Sam’s story: worth being with

Sam CavenderA few weeks ago I was with a young man who’d tried to take his own life. It was quite the scene; the guys who found him went into shock (assuming he was already dead) and considering how ‘Quentin Tarantino’ the scene was, I could understand that.

As I knelt with the guy, this amazing peace descended. It wasn’t like an adrenaline rush; I had no vivid sight or racing heart, it was more like being in a sunny meadow. Proper peace; all stillness and no agenda. The unmistakable presence of something infinite and good. Very weird. Literally as I knelt I realised I didn’t need to solve the situation or ‘correct’ the guy for what he’d done, but simply to be with him. The sense of the word ‘with’ was deafening, like every cell in my body knew its sole purpose was with-ness. It was really strange: a joy tsunami and quiet terror in comfortable partnership.

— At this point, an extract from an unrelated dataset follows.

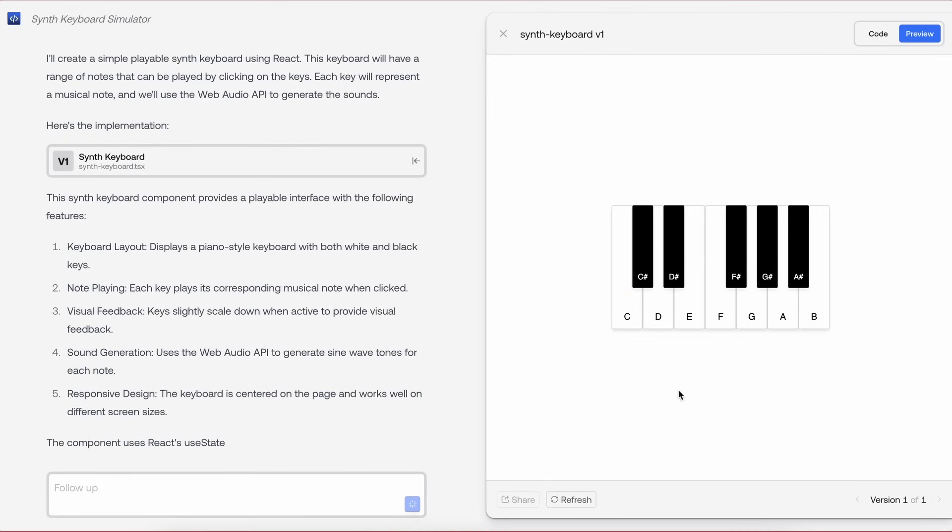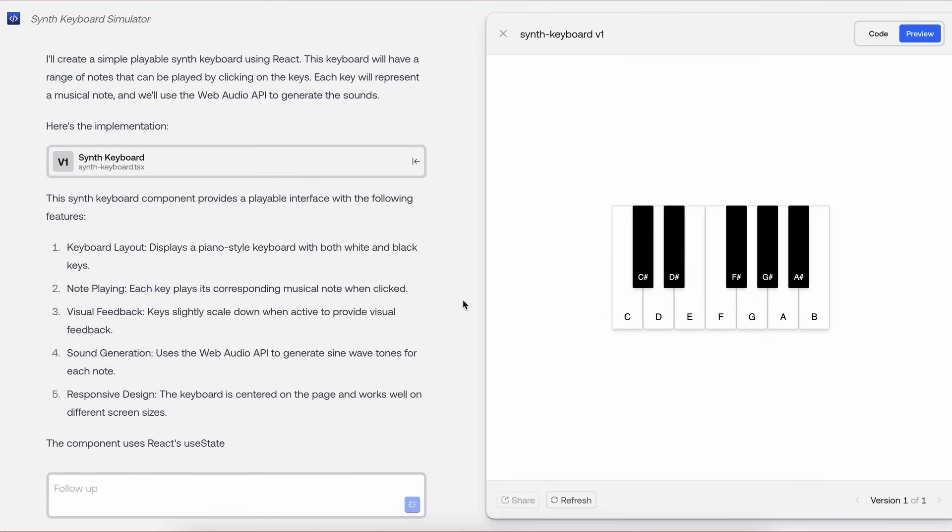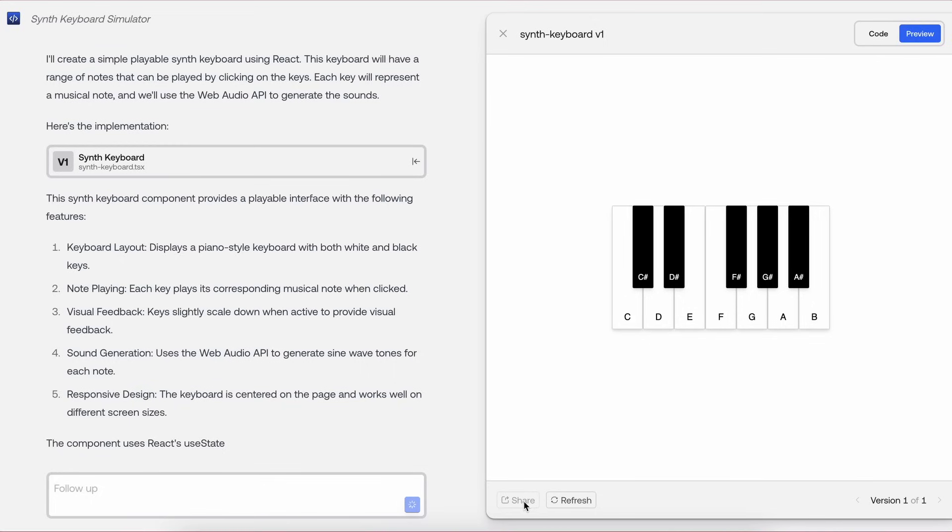You can also share the generation as well by using the Share button, which will give you a URL that you can share with anyone, and they can use it. So this is super cool if you want to generate some simple, useful mini-apps and share them with anyone to use alongside you as well, which is pretty great.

Anyway I knelt there in the blood and held his hand as he got colder and colder, and this peace remained, this sense of presence. He was still alive, and we gently chatted for 15 minutes or so, waiting for the Paramedics to arrive. Funnily enough he didn’t try to let go of my hand all that time. ‘With’ is good.

I think the path of death looks like isolation, like we should be able to solve everything and we’re not worth helping; it whispers for us to barricade ourselves in somewhere, not to trouble people with our wreckage, perhaps because they’re worth more than we are. Death accuses. I think the opposite is love; it seems like love says to us we are worth being with. We are worth helping, worth presence, worth time and new starts. Love says our extraordinary value doesn’t change, no matter what. Every day we’re all faced with the decision this guy was faced with; do we listen to death or do we listen to love? Do we take our relentless failures (or successes) as a sign that we are responsible for our own value and we need to somehow earn wholeness? Or do we look up and allow the mystery of love to bring us into real freedom? Allow others to help us, allow the deeper truth of our unchanging value to speak out? Can we be free even from our own judgement?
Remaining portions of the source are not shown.